Suzano released its first quarter results on Thursday (9), which brought the effects of the strong pulp depreciation in the first half of 2023. Net earnings fell 96%, to R$220 million, also pressured by the financial result. Net revenue totaled R$9.46 billion, a drop of 16%, and adjusted earnings before interest, taxes, depreciation, and amortization (EBITDA) fell 26%, to R$4.56 billion.
Pulp prices have been recovering since the middle of last year. According to Mr. Schalka, the market is more favorable than last year, with “robust” demand in the three main regions: Asia, Europe, and North America. Non-recurring events, such as strikes, logistical issues, and unexpected factory shutdowns, led to a better price moment, with a gradual increase.
“The average price realized in the first quarter has not yet captured all of the increases,” he said.
At the beginning of the year, pulp price in China was $617 per tonne, compared to $740 this month. Given this scenario, the expectation is that the average price realized in the second quarter will be higher than at the beginning of the year.
According to Mr. Schalka, pulp revenue in the first quarter also reflects a movement to replenish stocks, which in December were below safe levels and, if maintained at those levels, could put supply to customers at risk in the future.
The Cerrado Project, which involves the construction of a plant with a capacity to produce 2.55 million tonnes of pulp per year in Ribas do Rio Pardo, Mato Grosso do Sul, is on schedule and the forecast for starting operations by the end of June has been maintained. Suzano is investing R$22.2 billion in the project.
With the start of operations, the expectation is for a gradual reduction in financial leverage, which reached 3.5 times in March, within the cap set by the debt policy in investment cycles. According to Mr. Schalka, with a cash cost of pulp production of R$812 per tonne in the first three months of the year, which is 13% below a year earlier, Suzano should see a further drop in this item after the stabilization of the Cerrado Project.
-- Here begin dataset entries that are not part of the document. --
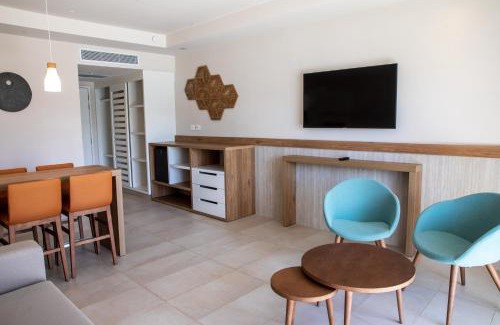 Akumal Resort | Bahia Principe Grand Tulum - All Inclusive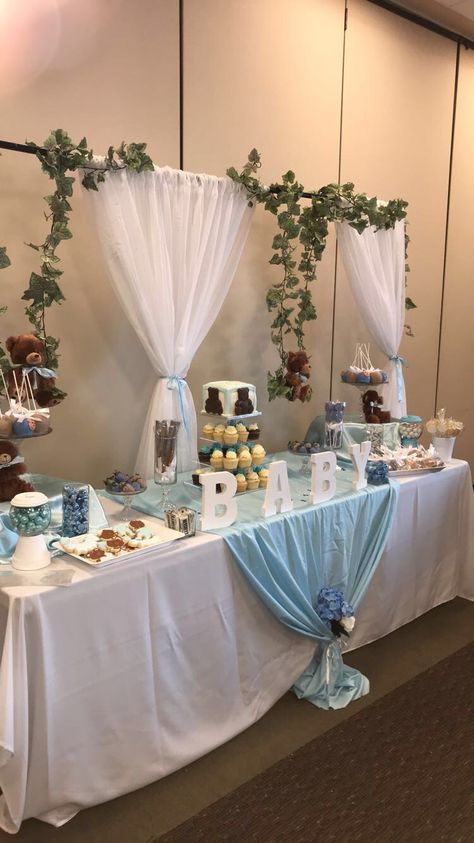 Bear Themed Baby Shower Ideas Food, Teddy Bear Baby Shower Theme Treats, Teddy Bear Dessert Table, Baby Shower Sweets Table, Baby Shower Candy Table, Babyshower Decor, Teddy Bear Baby Shower Theme, Bear Baby Shower Cake, Baby Shower Cake Table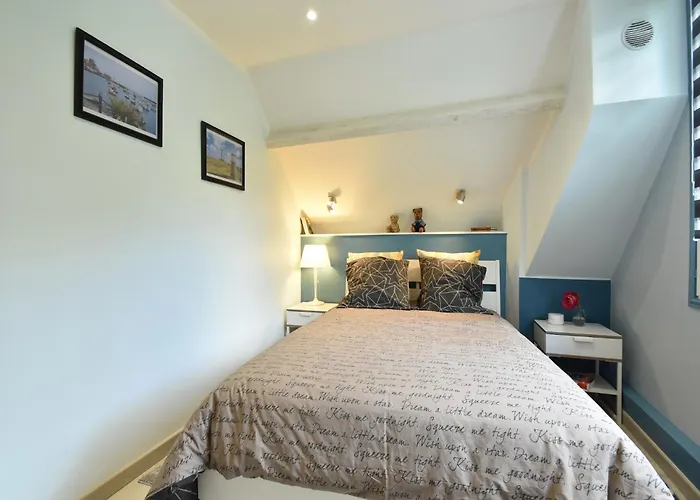 펜션 Sea View In 퀴네빌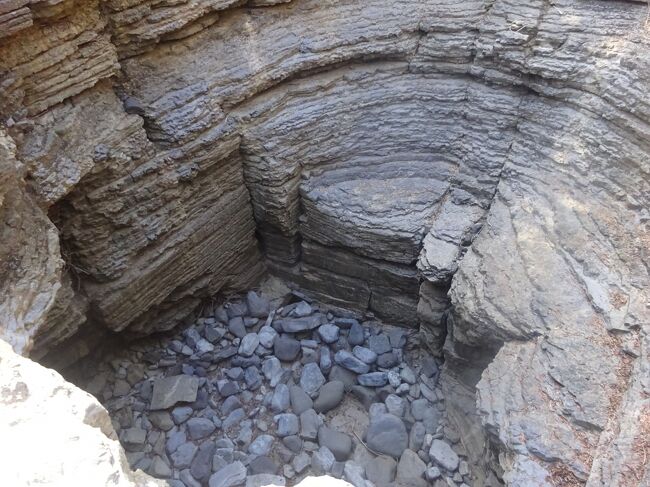 洞窟（別角度）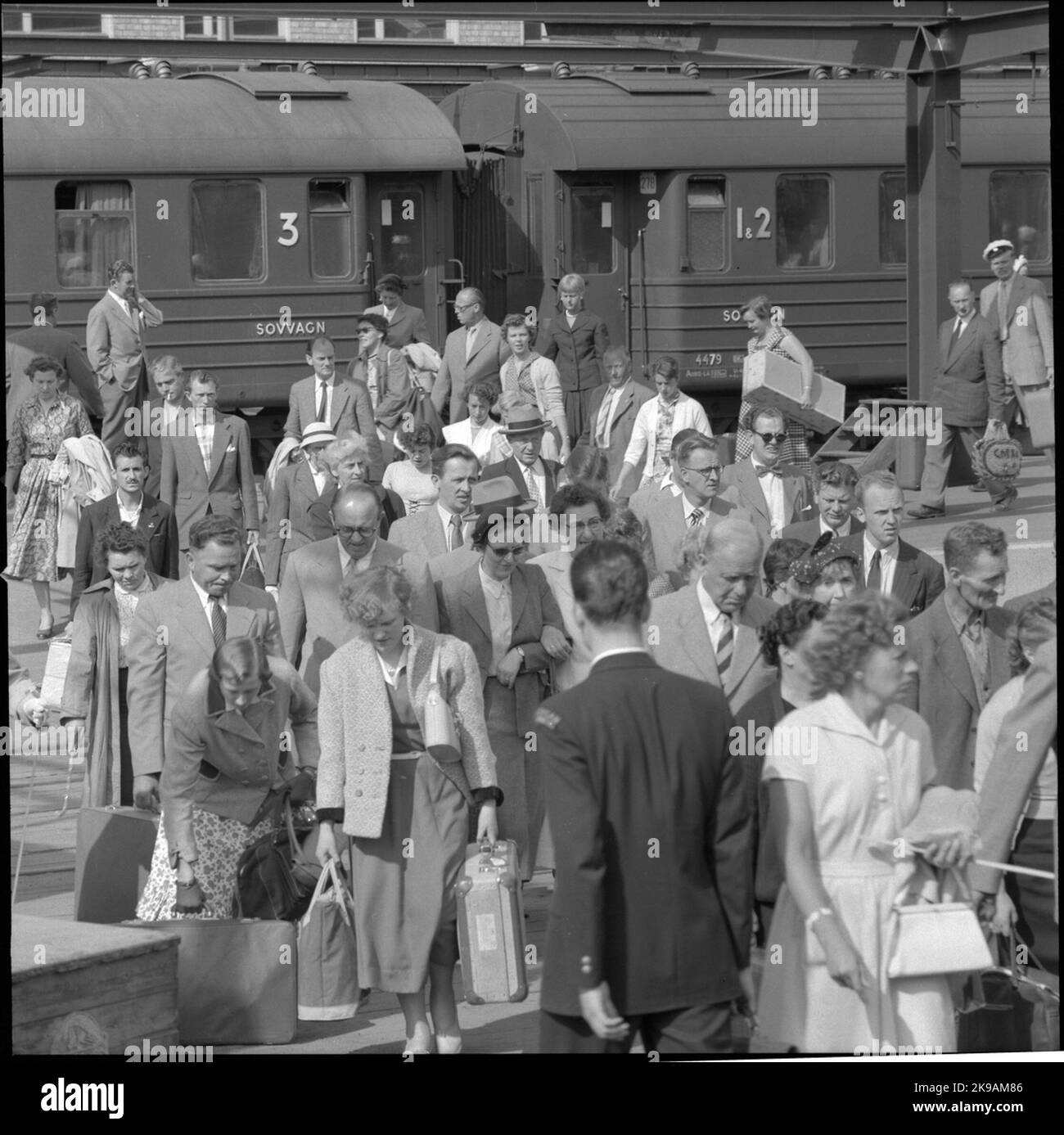 Voyageurs au départ. SJ Sleeping car 4479 Banque D'Images
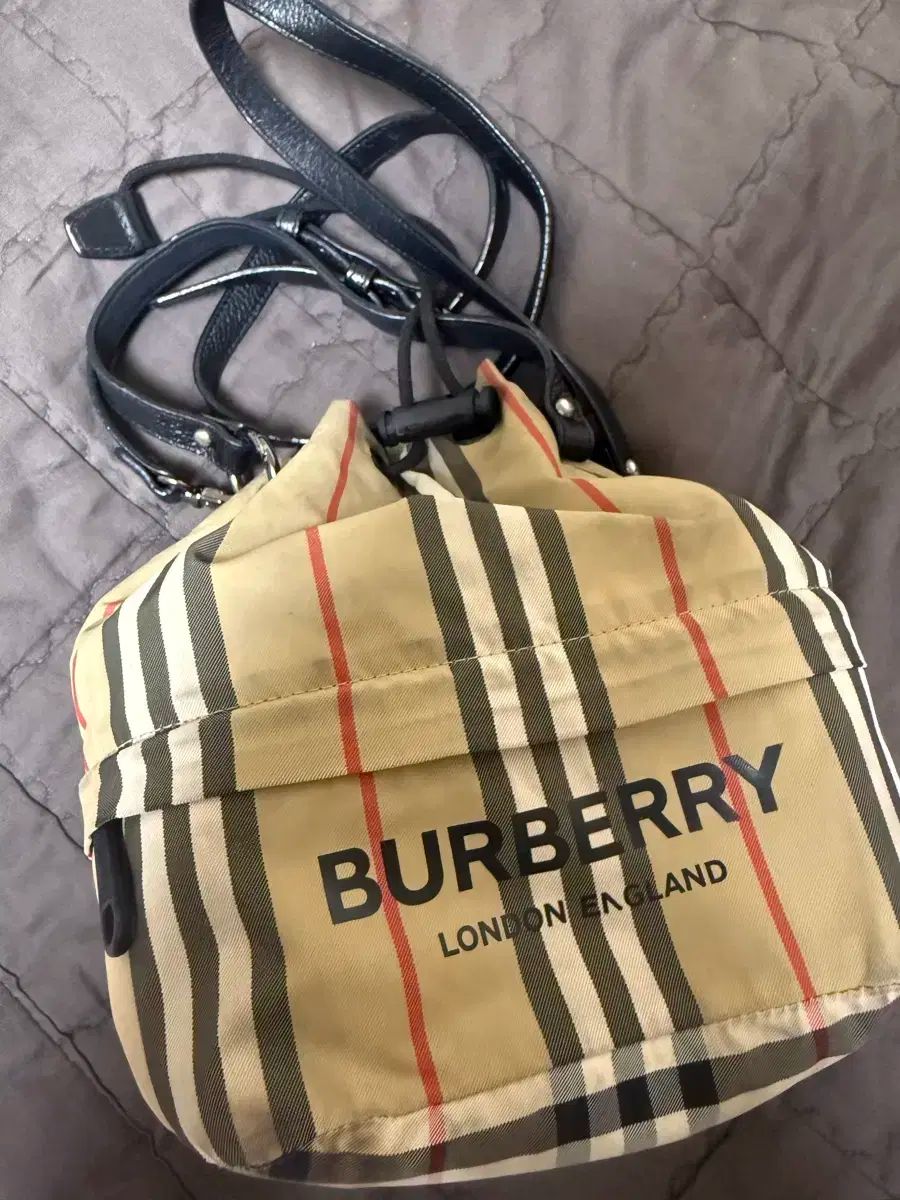 Burberry バーバリー PHOEBE バケットバッグ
Marcelo Bacci, chief financial, investor relations, and legal officer, says that Cerrado will bring a “quite significant” return at current pulp price levels. “The new projects will have a higher investment per tonne than those that are being carried out now, as wood, land, and industrial capex have become more expensive, and will have to be justified by higher pulp prices,” he pointed out.